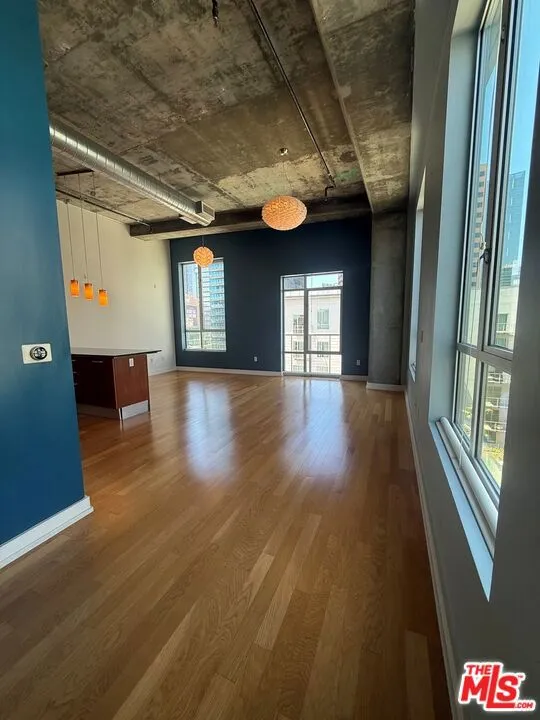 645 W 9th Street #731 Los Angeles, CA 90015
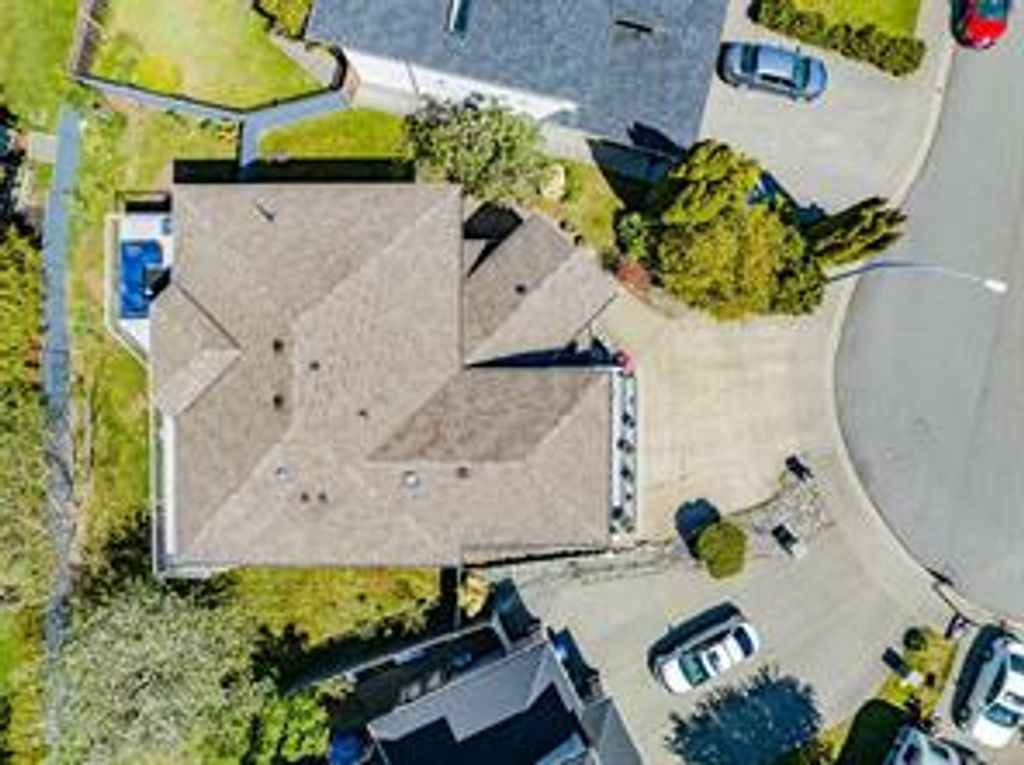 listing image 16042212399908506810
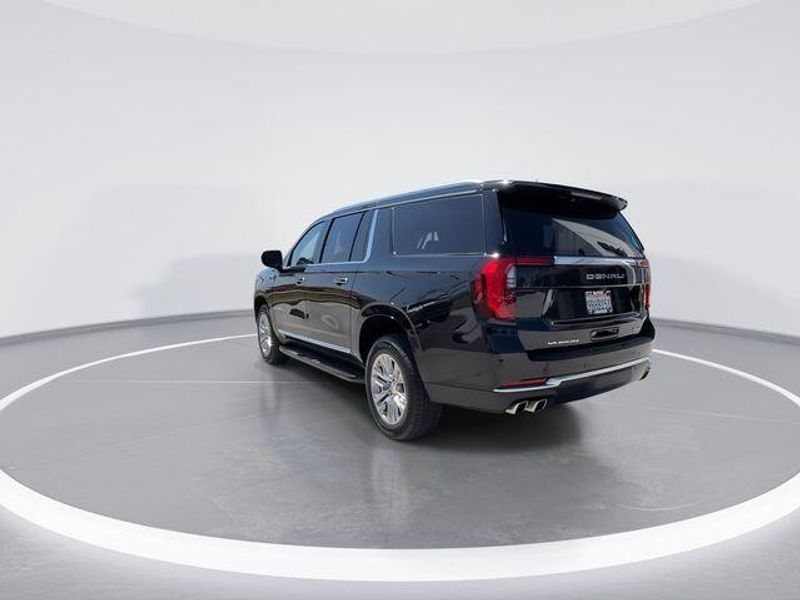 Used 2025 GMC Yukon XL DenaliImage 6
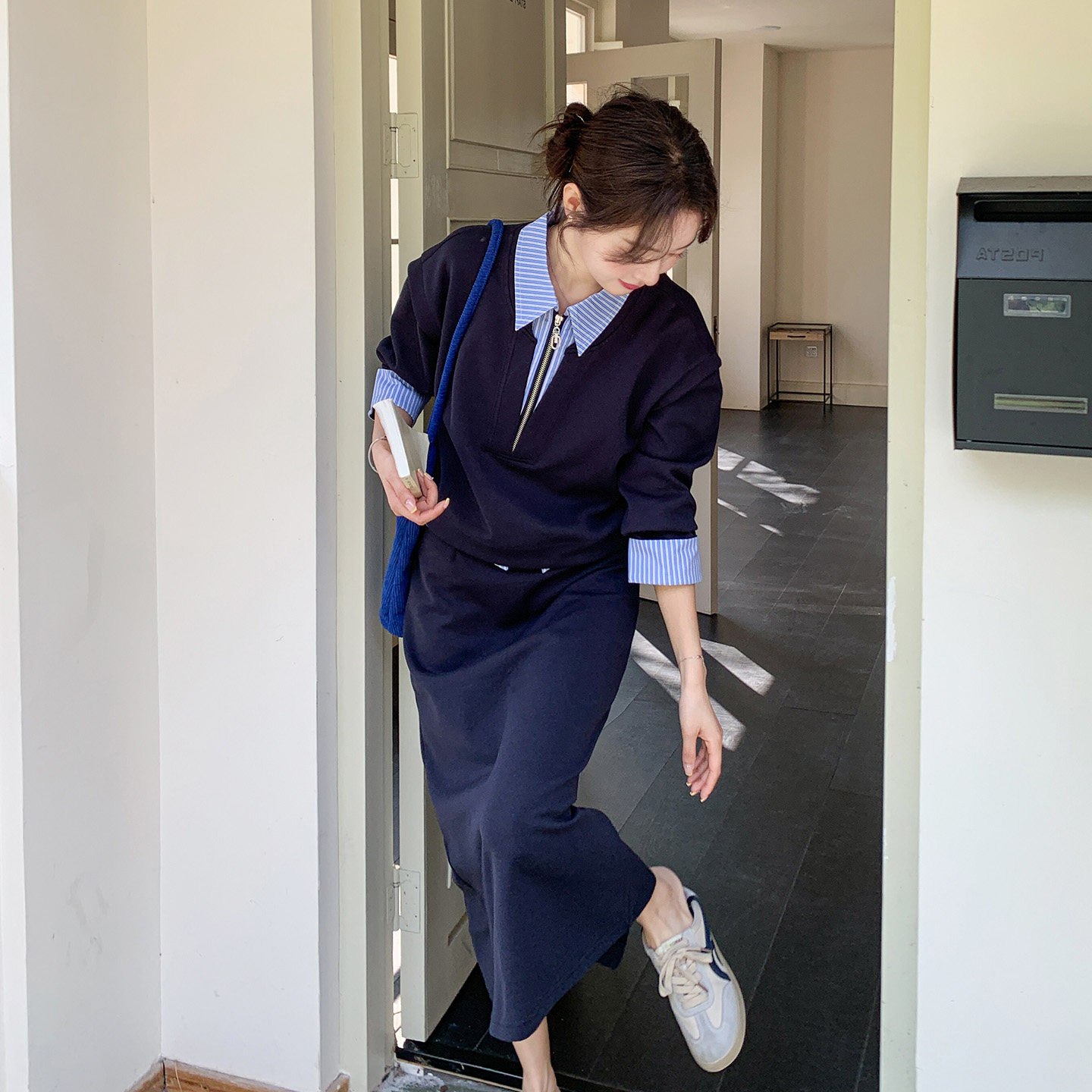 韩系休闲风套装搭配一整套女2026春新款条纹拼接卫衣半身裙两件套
==
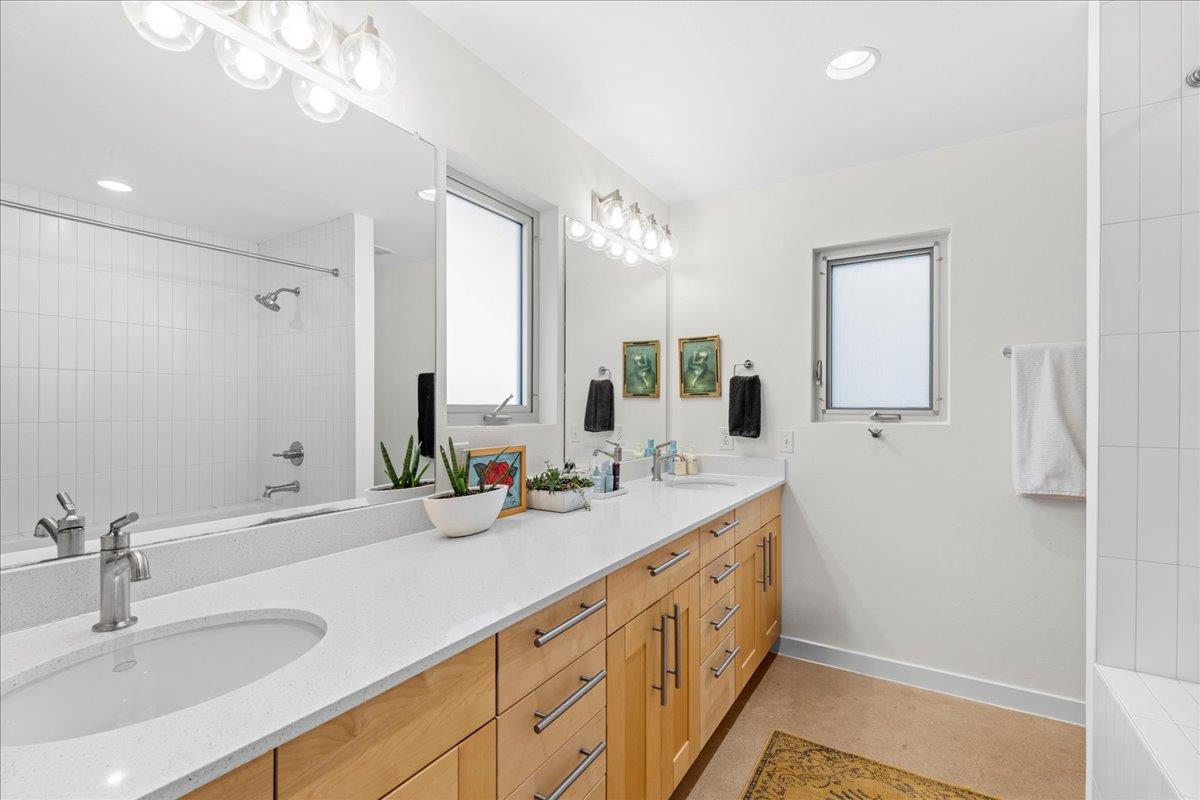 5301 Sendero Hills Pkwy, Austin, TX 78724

[YOUR ASSIGNMENT] Write out exactly the run of lines above that starts at the line containing "645 W 9th Street #731 Los Angeles, CA 90015" and ends at the line containing "韩系休闲风套装搭配一整套女2026春新款条纹拼接卫衣半身裙两件套". Include both, and leave the pictures out.

[OUTPUT FOR THIS TASK]
 645 W 9th Street #731 Los Angeles, CA 90015
 listing image 16042212399908506810
 Used 2025 GMC Yukon XL DenaliImage 6
 韩系休闲风套装搭配一整套女2026春新款条纹拼接卫衣半身裙两件套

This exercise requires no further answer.